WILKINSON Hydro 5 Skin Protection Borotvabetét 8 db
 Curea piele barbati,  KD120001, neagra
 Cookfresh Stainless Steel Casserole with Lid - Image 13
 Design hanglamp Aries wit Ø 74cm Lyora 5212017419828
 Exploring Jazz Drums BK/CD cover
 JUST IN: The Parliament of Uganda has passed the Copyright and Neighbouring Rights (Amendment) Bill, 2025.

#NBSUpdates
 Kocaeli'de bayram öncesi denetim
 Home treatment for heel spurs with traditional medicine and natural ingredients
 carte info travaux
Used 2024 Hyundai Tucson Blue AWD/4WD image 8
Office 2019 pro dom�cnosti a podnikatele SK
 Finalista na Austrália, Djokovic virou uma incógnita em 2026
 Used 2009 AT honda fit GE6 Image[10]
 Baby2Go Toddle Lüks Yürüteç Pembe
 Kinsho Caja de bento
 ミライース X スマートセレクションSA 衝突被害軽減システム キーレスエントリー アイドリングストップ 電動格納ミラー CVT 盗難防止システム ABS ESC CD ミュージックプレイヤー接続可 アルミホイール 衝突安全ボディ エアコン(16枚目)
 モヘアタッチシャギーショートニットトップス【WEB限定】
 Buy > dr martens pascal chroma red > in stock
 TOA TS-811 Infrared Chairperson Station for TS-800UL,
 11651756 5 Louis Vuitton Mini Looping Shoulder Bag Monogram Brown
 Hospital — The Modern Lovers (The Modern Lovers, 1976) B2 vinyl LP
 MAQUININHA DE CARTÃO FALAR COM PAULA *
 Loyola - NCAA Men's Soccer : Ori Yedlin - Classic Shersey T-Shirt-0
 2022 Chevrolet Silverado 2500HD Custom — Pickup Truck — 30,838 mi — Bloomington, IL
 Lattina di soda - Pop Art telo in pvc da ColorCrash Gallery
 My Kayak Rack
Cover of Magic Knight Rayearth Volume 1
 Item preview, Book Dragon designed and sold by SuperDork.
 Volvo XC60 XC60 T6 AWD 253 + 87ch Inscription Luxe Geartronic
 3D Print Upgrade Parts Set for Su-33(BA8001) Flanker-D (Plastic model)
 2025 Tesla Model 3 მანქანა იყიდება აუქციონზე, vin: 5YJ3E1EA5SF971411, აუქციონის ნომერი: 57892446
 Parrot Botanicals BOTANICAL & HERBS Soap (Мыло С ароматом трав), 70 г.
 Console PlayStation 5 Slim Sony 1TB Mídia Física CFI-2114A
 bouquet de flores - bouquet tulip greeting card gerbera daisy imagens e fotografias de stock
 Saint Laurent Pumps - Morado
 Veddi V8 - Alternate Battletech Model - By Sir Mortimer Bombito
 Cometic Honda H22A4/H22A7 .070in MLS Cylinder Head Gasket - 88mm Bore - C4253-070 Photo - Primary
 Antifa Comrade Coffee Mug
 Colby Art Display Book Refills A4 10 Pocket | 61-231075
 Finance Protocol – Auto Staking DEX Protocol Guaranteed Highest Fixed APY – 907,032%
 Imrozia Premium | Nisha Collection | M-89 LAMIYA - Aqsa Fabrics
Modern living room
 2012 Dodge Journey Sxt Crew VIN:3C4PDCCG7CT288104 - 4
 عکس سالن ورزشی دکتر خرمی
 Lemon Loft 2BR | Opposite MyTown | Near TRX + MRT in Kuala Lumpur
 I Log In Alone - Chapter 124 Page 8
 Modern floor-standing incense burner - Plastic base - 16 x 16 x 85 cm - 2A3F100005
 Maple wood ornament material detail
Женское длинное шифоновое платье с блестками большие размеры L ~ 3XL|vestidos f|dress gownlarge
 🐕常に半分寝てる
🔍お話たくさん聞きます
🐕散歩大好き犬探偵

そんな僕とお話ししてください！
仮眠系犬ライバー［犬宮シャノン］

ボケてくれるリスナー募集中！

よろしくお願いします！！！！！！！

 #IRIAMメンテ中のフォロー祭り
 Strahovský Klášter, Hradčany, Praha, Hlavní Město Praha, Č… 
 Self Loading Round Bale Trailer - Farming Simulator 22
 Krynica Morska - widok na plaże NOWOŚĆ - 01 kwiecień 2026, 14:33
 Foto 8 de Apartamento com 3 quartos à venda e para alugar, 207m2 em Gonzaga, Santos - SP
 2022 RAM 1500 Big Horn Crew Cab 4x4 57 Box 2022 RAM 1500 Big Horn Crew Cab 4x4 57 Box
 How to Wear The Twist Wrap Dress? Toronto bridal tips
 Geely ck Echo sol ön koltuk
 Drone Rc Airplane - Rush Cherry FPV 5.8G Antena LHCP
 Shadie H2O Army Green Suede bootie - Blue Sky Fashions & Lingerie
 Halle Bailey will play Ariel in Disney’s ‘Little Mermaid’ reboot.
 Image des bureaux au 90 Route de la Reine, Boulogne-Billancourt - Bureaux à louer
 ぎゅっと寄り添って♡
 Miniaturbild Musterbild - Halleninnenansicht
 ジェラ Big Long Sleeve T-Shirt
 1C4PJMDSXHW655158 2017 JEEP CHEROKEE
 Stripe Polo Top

● **Directions**
The answer is the run of lines above from the line containing "Lemon Loft 2BR" through the line containing "Self Loading Round", copied exactly and alone.

● **Worked solution**
 Lemon Loft 2BR | Opposite MyTown | Near TRX + MRT in Kuala Lumpur
 I Log In Alone - Chapter 124 Page 8
 Modern floor-standing incense burner - Plastic base - 16 x 16 x 85 cm - 2A3F100005
 Maple wood ornament material detail
Женское длинное шифоновое платье с блестками большие размеры L ~ 3XL|vestidos f|dress gownlarge
 🐕常に半分寝てる
🔍お話たくさん聞きます
🐕散歩大好き犬探偵

そんな僕とお話ししてください！
仮眠系犬ライバー［犬宮シャノン］

ボケてくれるリスナー募集中！

よろしくお願いします！！！！！！！

 #IRIAMメンテ中のフォロー祭り
 Strahovský Klášter, Hradčany, Praha, Hlavní Město Praha, Č… 
 Self Loading Round Bale Trailer - Farming Simulator 22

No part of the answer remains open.